---- Source records

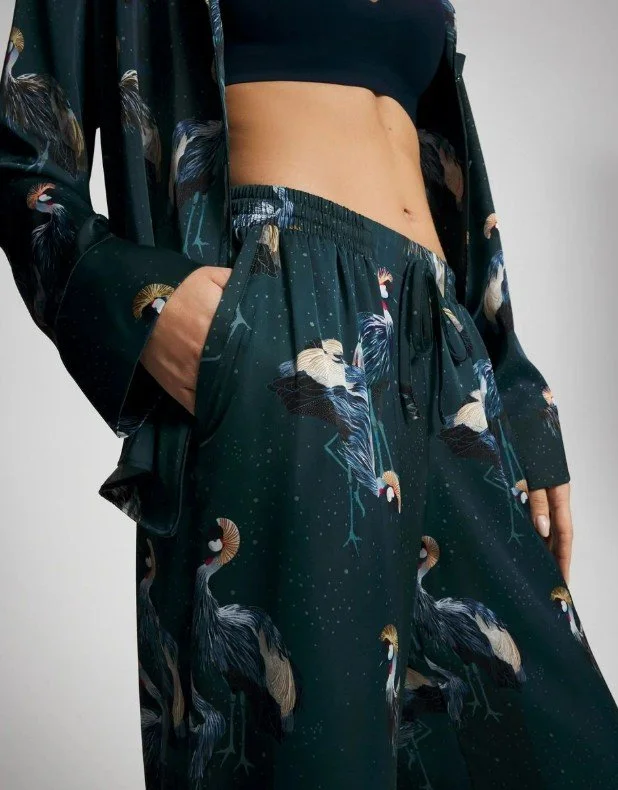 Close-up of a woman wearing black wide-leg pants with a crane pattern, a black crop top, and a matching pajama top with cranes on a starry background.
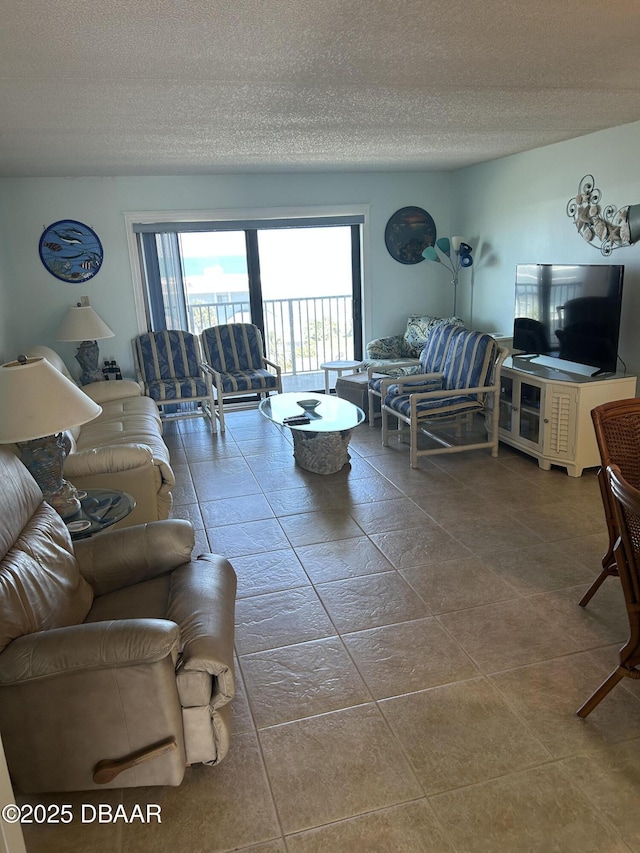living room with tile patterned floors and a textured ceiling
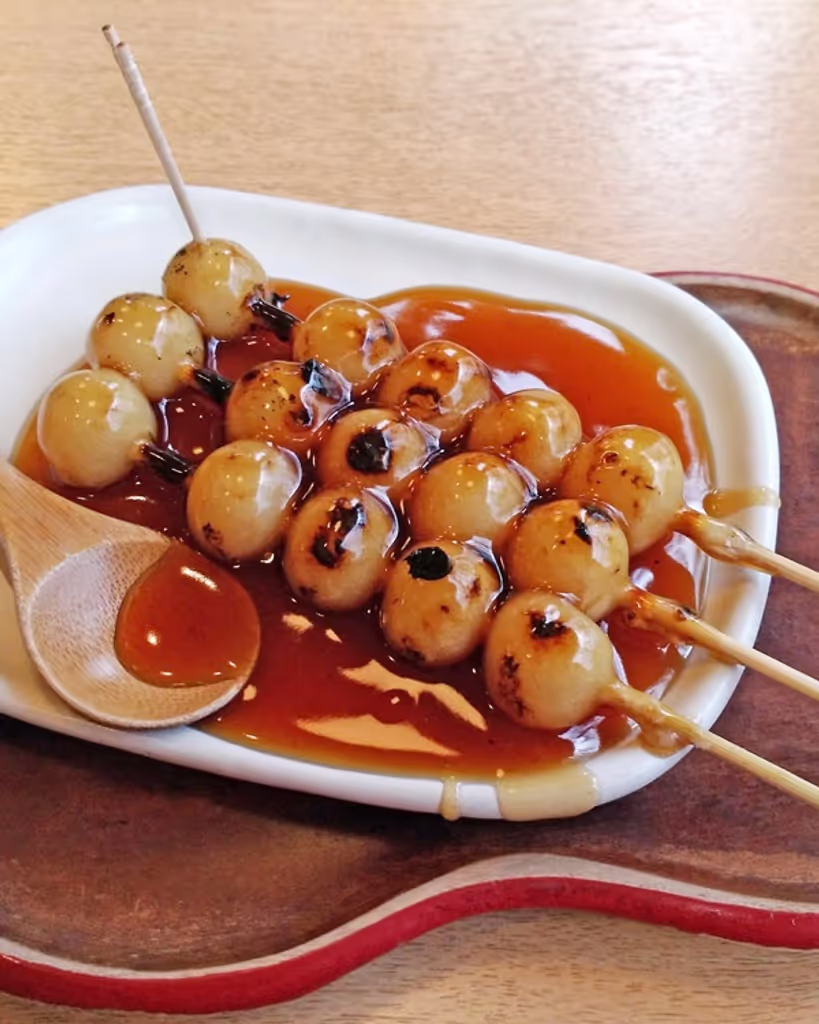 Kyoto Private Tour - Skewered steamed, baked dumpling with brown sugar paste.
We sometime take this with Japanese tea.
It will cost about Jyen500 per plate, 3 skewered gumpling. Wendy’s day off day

--------
---- Source records

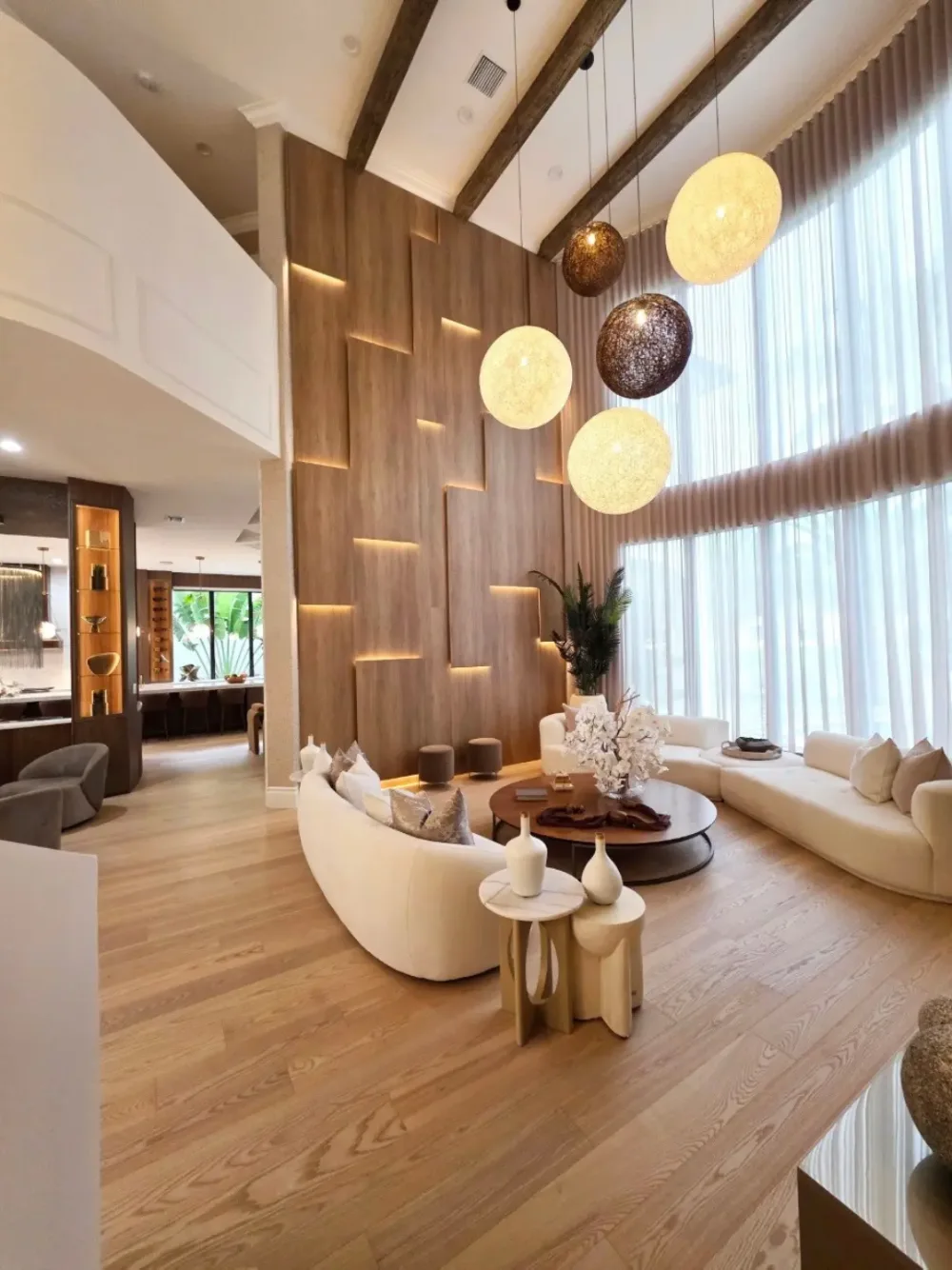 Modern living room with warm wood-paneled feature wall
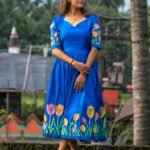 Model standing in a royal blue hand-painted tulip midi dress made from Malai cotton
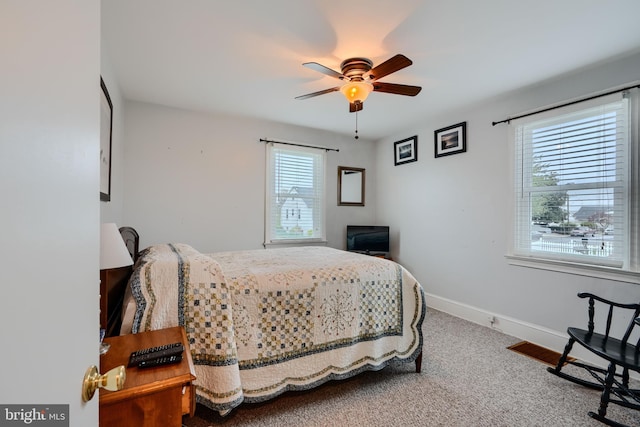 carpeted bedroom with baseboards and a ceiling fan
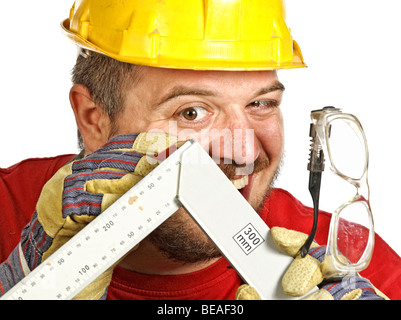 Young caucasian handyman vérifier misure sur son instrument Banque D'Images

--------

Look above for the line containing "Close-up of a" and the line containing "It will cost", then reproduce both and everything between them exactly, pictures omitted.

 Close-up of a woman wearing black wide-leg pants with a crane pattern, a black crop top, and a matching pajama top with cranes on a starry background.
living room with tile patterned floors and a textured ceiling
 Kyoto Private Tour - Skewered steamed, baked dumpling with brown sugar paste.
We sometime take this with Japanese tea.
It will cost about Jyen500 per plate, 3 skewered gumpling. Wendy’s day off day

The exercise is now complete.